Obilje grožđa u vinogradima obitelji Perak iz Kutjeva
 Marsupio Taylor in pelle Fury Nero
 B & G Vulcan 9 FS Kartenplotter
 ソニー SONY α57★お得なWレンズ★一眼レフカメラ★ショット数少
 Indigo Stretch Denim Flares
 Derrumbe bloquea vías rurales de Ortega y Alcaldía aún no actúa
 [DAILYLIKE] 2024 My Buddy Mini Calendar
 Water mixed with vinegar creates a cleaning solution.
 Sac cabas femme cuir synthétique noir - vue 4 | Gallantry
--------------------------------
An exact copy of every entry above is required.

* [RESPONSE]
Obilje grožđa u vinogradima obitelji Perak iz Kutjeva
 Marsupio Taylor in pelle Fury Nero
 B & G Vulcan 9 FS Kartenplotter
 ソニー SONY α57★お得なWレンズ★一眼レフカメラ★ショット数少
 Indigo Stretch Denim Flares
 Derrumbe bloquea vías rurales de Ortega y Alcaldía aún no actúa
 [DAILYLIKE] 2024 My Buddy Mini Calendar
 Water mixed with vinegar creates a cleaning solution.
 Sac cabas femme cuir synthétique noir - vue 4 | Gallantry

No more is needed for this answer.